▸ **What you are asked to do**
Omitting any pictures, transcribe the entries below exactly.

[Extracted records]

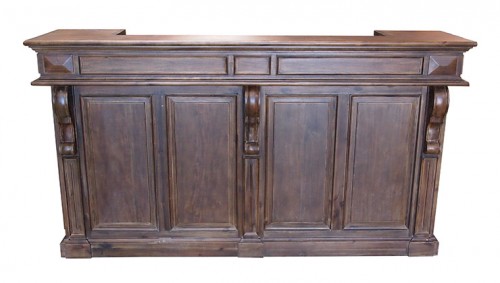 Ornate Bar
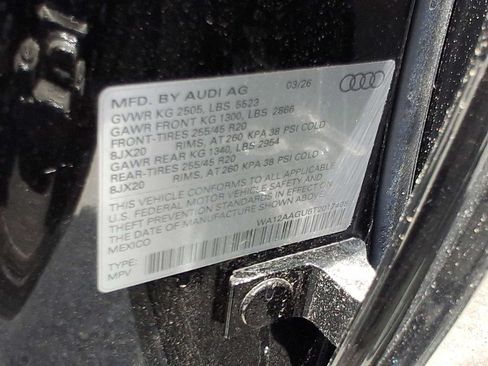 New 2026 Audi Q5 Premium Plus AWD/4WD image 24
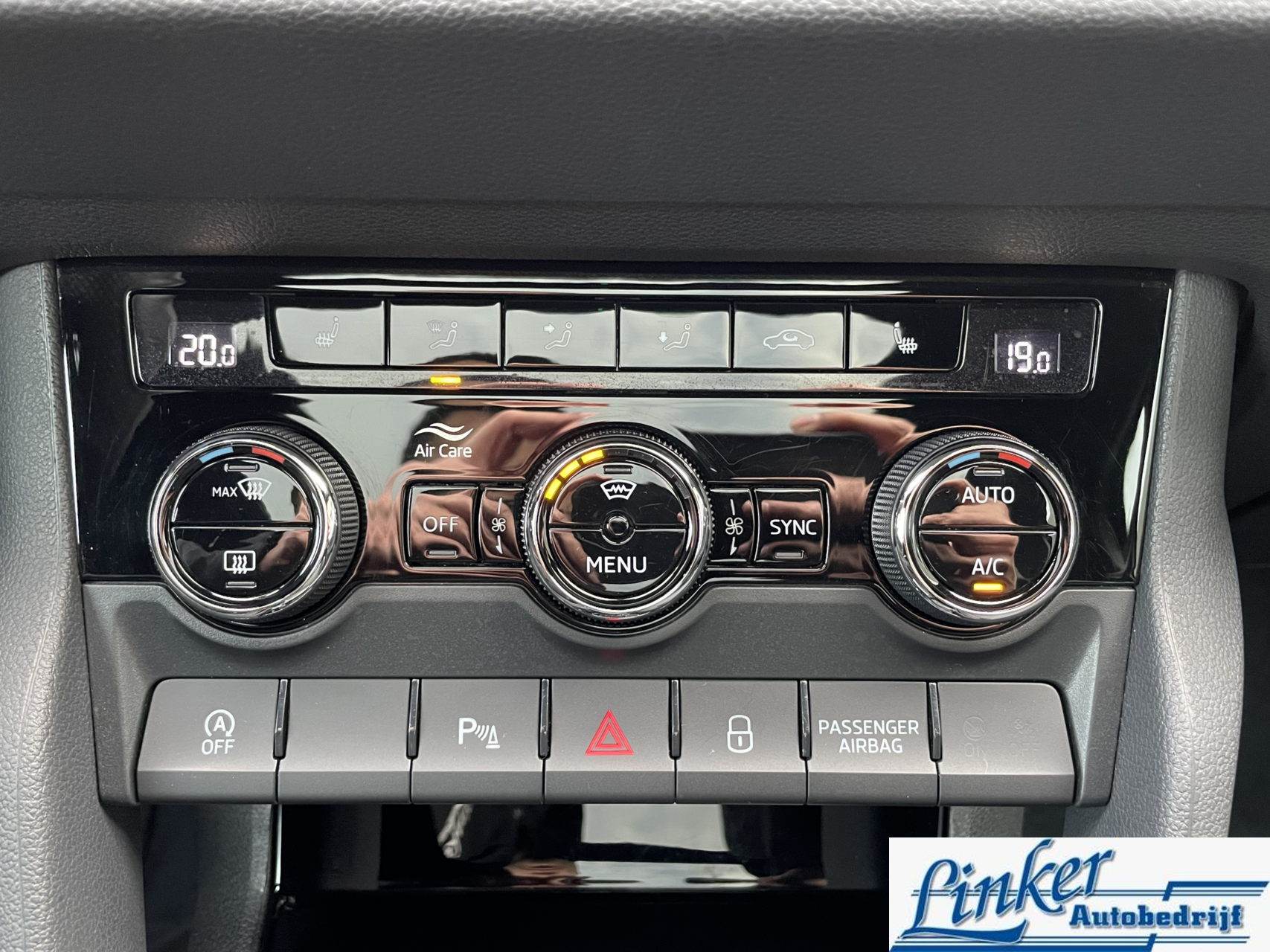 Foto van Skoda Karoq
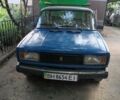 Синий ВАЗ 2105, объемом двигателя 1.3 л и пробегом 15 тыс. км за 800 $, фото 1 на Automoto.ua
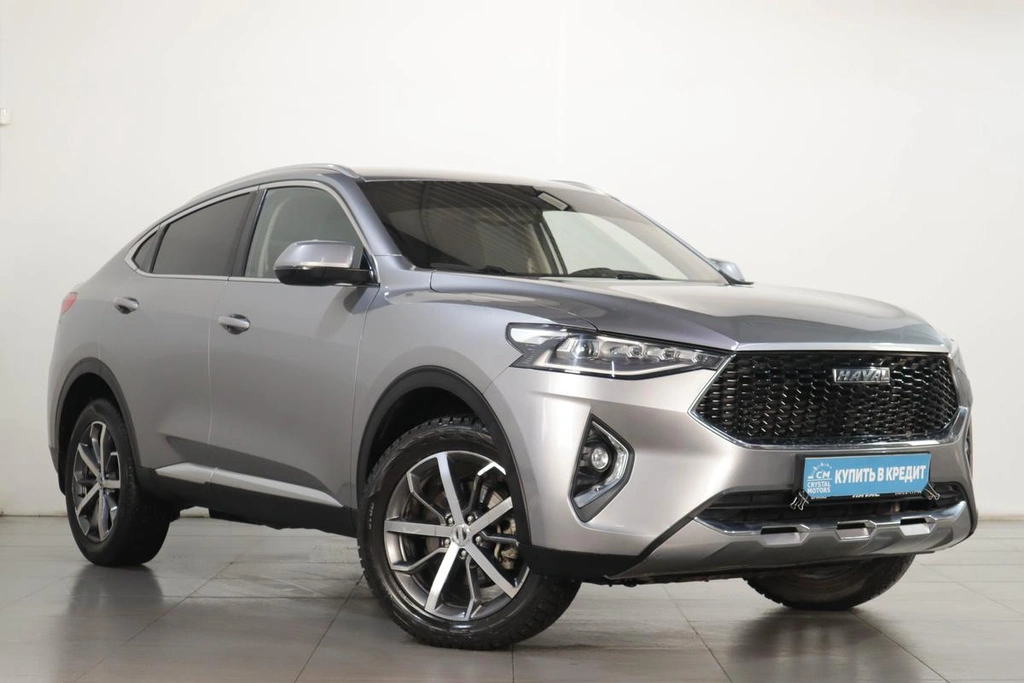 Внедорожник Haval F7x 2020 года, 1749000 рублей, Челябинск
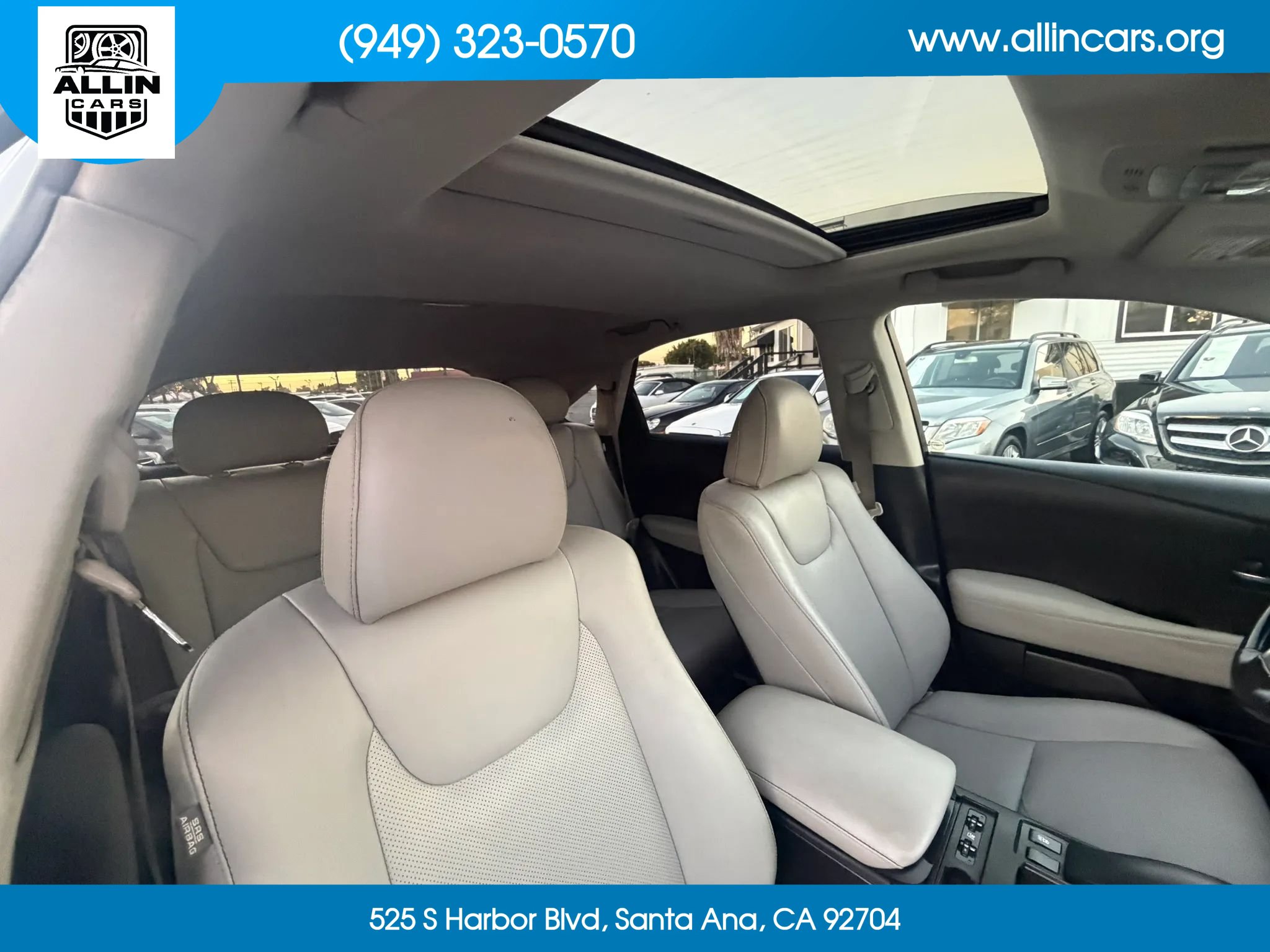 Used 2014 Lexus RX 350 FWD w/ Navigation Package image 18
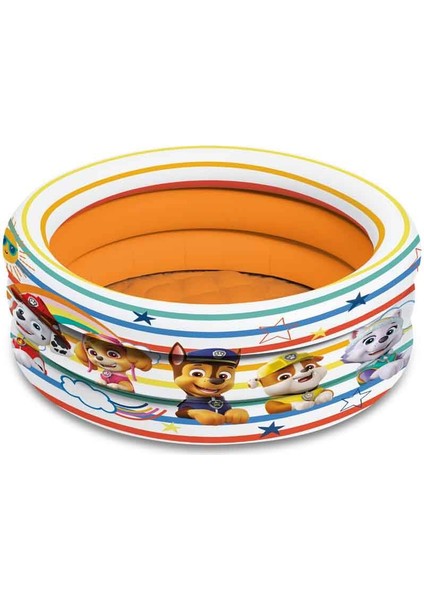 Paw Patrol 3 Halkalı Çocuk Havuzu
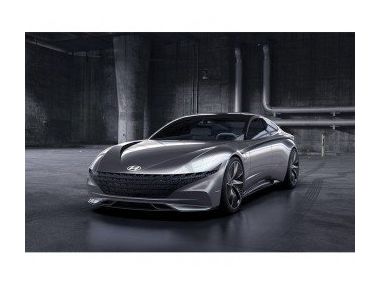 Hyundai Le Fil Rouge втілює математичну досконалість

▸ **Answer to this problem**
 Ornate Bar
 New 2026 Audi Q5 Premium Plus AWD/4WD image 24
 Foto van Skoda Karoq
 Синий ВАЗ 2105, объемом двигателя 1.3 л и пробегом 15 тыс. км за 800 $, фото 1 на Automoto.ua
 Внедорожник Haval F7x 2020 года, 1749000 рублей, Челябинск
 Used 2014 Lexus RX 350 FWD w/ Navigation Package image 18
 Paw Patrol 3 Halkalı Çocuk Havuzu
 Hyundai Le Fil Rouge втілює математичну досконалість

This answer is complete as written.